+++ Given entries

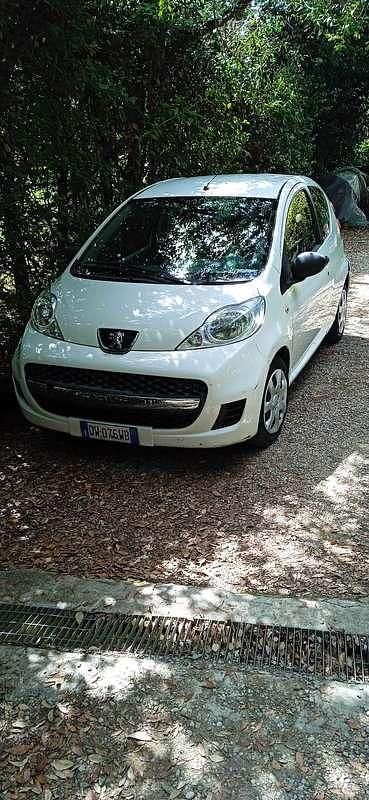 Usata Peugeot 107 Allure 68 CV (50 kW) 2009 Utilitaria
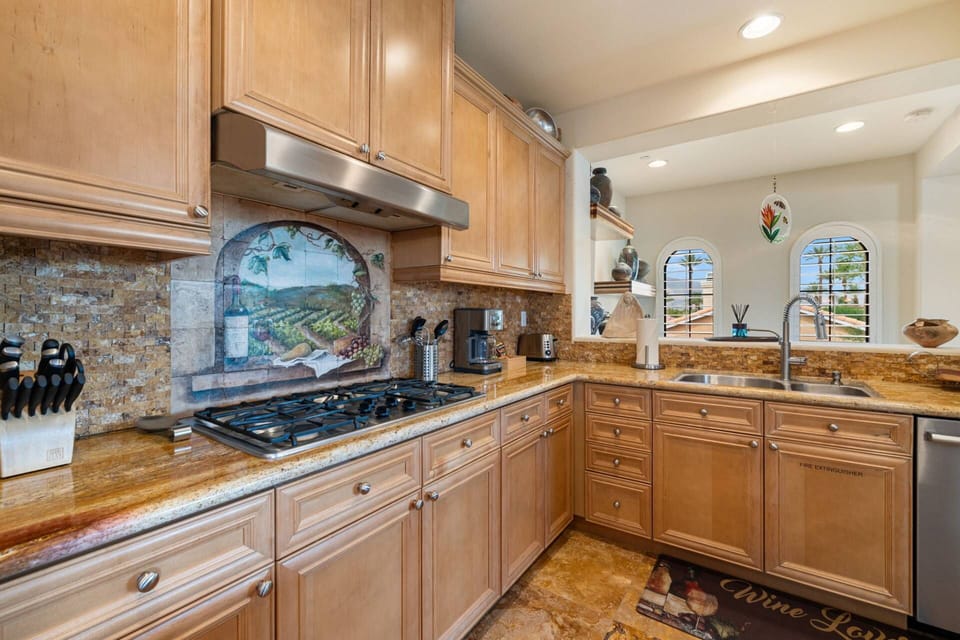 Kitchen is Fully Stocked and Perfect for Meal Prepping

++++++
+++ Given entries

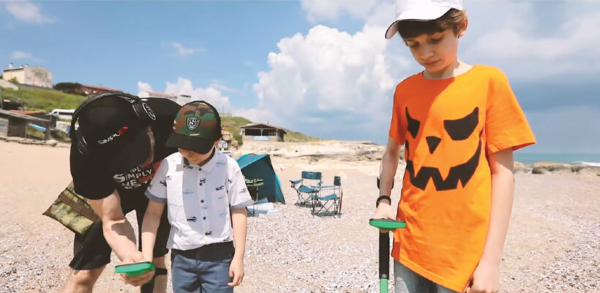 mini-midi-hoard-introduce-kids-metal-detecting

++++++

Work task:
Treat the line with "Usata Peugeot 107" as the start and the line with "Kitchen is Fully" as the end, and return exactly that span of the data above, both ends included, without pictures.

Exercise answer:
 Usata Peugeot 107 Allure 68 CV (50 kW) 2009 Utilitaria
 Kitchen is Fully Stocked and Perfect for Meal Prepping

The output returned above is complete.